That's some accolade, although one wonders where it leaves Sir Ridley Scott, Mike Leigh or even Lord Attenborough. However the truth is, they would probably go along with the organisers' veneration for Loach. For you see, Ken remains true to himself. He doesn't compromise, and in the eyes of the impressionable artistic world, there can be no greater compliment, even for those who might shy away from his particular brand of unyielding, unrelenting dogma — that is, if they even understand it.
Loach has made many films and TV dramas set in widely different milieux, but in the end, from Cathy Come Home in 1966 to his 2006 Cannes winner The Wind That Shakes the Barley, they are essentially there to serve the same, hard-Left story. This is certainly not to say that they are all bad films. He may be humourless and bereft of a light touch, but there is no doubting that Loach is a skilled director of the realist school who draws sometimes excellent performances from his often unknown actors. Still used as an example of what commercial television can achieve at its best, Cathy Come Home — the story of how an impoverished young family is ripped asunder by uncaring social services — was genuinely innovative for its time. It also had real consequences: it was a factor in the creation of Shelter, the charity for the homeless.
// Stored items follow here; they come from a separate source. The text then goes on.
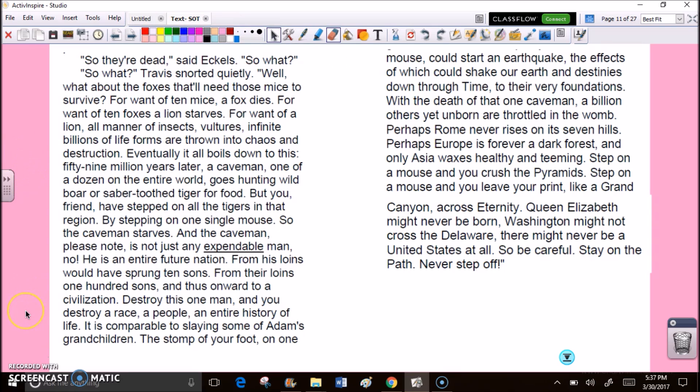With a stamp of your foot, you annihilate first one, then a dozen, then a thousand, a million, a billion possible mice. So they're dead, said Eccles. So what? So what? Travis snorted quietly. Well, what about the foxes that'll need those mice to survive? For one of ten mice, a fox dies. For one of ten foxes, a lion starves. For one of a lion, all manner of insects, vultures, infinite billions of life forms are thrown into chaos and destruction. Eventually, it all boils down to this. 59 million years later, a caveman, one of a dozen on the entire world, goes hunting wild boar or saber-toothed tiger for food.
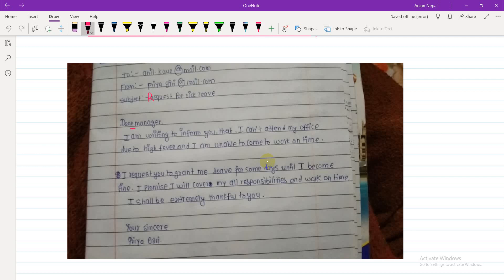Dear Manager, I am writing to inform you that I can't attend my office due to high fever and I am unable to come back to work on time. I request you to grant me leave for some days until I become fine. I promise I will cover all my responsibilities and work in time. The second paragraph is good.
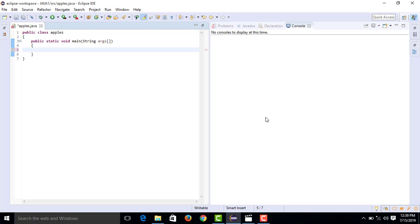Then a second dialog box will appear asking for the second number, also with a text box. After the user types and presses Enter, the answer is shown in the next dialog box. It's an interesting graphical user interface approach.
The problem is that while times and circumstances change, Loach stays the same. In its portrayal of a single mother's treatment by social workers, 1994's Ladybird Ladybird ploughed a similar furrow to Cathy Come Home, but failed to resonate in anything like the same way, probably because the rights and wrongs of the benefit system, and the question of personal responsibility, had become far more complex and contentious issues 30 years later for an audience brought up with welfare and aware of its abuses. For even sympathetic viewers, the feeling lingered after the credits that, just maybe, the central character should take some of the blame for what had happened to her. For Loach, however, time had stood still; there was no question about who the baddies were.
Far more egregious in this respect was The Wind that Shakes the Barley, a pro-IRA film which portrayed the British more or less as music-hall villains and Irish Catholics as desperate, trodden-upon-saints. Again well-made and acted, it is nevertheless a piece of propaganda, which worked best for those who either knew nothing about the conflict, or for the National Film Theatre crowd who went along hoping to have all their prejudices confirmed. And that might well be Loach's tragedy in the end: he's doomed to be loved by a big part of the bourgeoisie.
Few working-class people have even heard of him. Like Woody Allen, Ken Loach has his audience and, like Woody's, they stay with him while the rest of the world moves on.